§ Information:
== Segment start ==

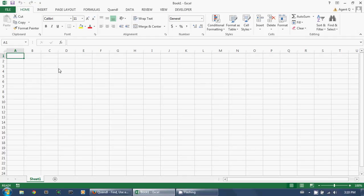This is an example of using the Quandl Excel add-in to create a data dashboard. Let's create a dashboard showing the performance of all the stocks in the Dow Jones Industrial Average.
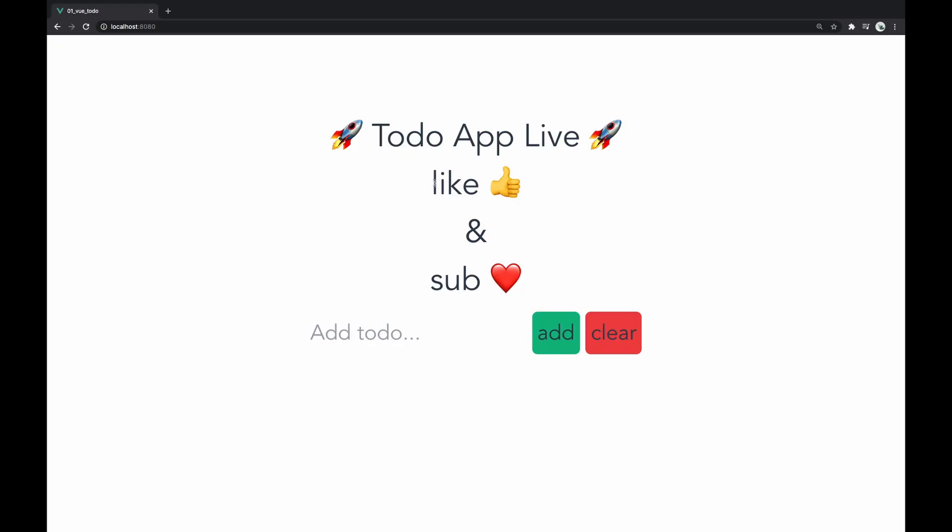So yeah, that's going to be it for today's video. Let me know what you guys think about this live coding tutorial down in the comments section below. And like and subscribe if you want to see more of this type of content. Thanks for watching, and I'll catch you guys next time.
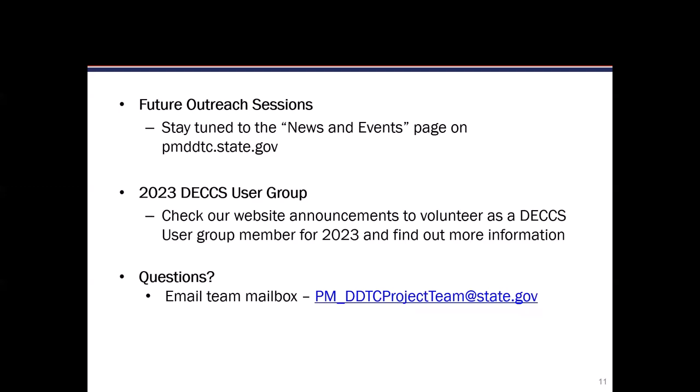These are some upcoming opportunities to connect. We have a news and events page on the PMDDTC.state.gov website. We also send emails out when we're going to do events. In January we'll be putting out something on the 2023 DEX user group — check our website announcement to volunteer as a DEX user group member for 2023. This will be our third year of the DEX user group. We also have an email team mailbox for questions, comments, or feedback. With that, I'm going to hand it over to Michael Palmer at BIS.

== Segment end ==
== Segment start ==

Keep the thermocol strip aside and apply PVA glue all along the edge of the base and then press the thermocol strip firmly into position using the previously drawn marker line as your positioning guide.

== Segment end ==

§ Exercise aim: Transcribe, word for word, the lines of the listing above from the one that contains "This is an example" through the one that contains "So yeah, that's", keeping both ends and dropping the pictures.

§ Exercise response:
This is an example of using the Quandl Excel add-in to create a data dashboard. Let's create a dashboard showing the performance of all the stocks in the Dow Jones Industrial Average.
So yeah, that's going to be it for today's video. Let me know what you guys think about this live coding tutorial down in the comments section below. And like and subscribe if you want to see more of this type of content. Thanks for watching, and I'll catch you guys next time.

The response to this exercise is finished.